Monday 22 October 2007

And now for a message...

One of the problems with adding friendly monsters, or for that matter talkative monsters, is that they generate a lot of additional message traffic. The Angband message UI is not great: messages are displayed at the top of the screen on one line, and you have to press a key to see the next message in the sequence. The alternative is to display auto_more, which means you don't see any messages at all. Auto_more is intended for use in conjunction with displaying the message history in one of the Angband term windows. The disadvantage with that is that you devote a lot of screen real estate to what may be one message, or one hundred. And if its one hundred, you'll only see the last 20 messages or however big the term window you use is.

The Angband variants haven't improved on this much. Sangband allows you to have a larger message line size, which is a slight improvement on both auto_more and the Angband default, but not significantly so. In general, no one seems to have come up with a good solution. Until now.

I've added an easy_more interface, which I'm going to try to make the default for the next release of Unangband. The easy more interface overwrites the whole display (actually preferring to use the top half of the screen for readability), including the playing field with game messages, as in this screen shot.

The big disadvantage with that is you may have important display information obscured by the messages, including e.g. the location of the player. But a quick press of the escape or return key, allows you to dismiss the messages and see what you're doing. And if there's more than a screenful of messages displayed in a round, you can use space bar to scroll through them all. Its important to note here that (except on Windows - see below for why) you'd never have to make more key presses than you would under the existing message implementation.

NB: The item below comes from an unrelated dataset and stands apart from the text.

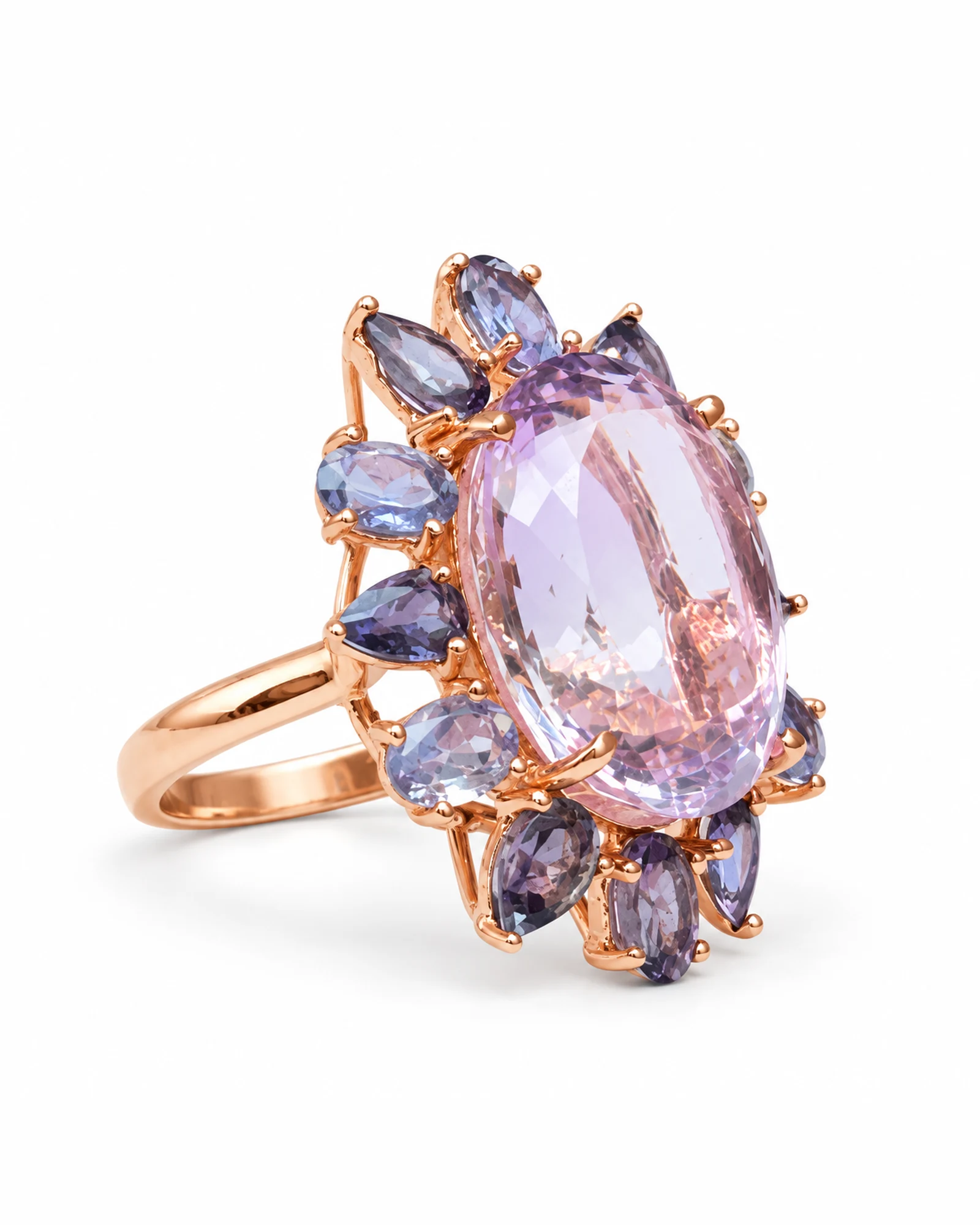 Blush Halo: Pale-Pink Oval & Violet Halo Ring by Ivari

More importantly, I allow the player to continue without being interrupted at all. At the point you could press space or return, you can also enter an actual command. So if you don't see anything important happening, you can continue to do whatever you want. So easy_more acts like auto_more in that the messages don't (usually) interrupt your play.

So what do I end up doing with the top line of the screen, the one that used to show messages, now that easy_more overwrites the playing field with messages?

Well I have this great mouse implementation in windows, that allows you to move the mouse pointer over anything in the playing field, to see what it is. It's windows only at the moment, because I haven't been able to do platform specific code for any other platform (Linux, I'm looking at you), which is basically just polling the mouse pointer position, and sending a key event with mouse button set to zero, if the mouse moves over a different grid.

But that kills two birds with one stone. And I'm happy with that message...

(I'll be doing the 3rd AI article later today).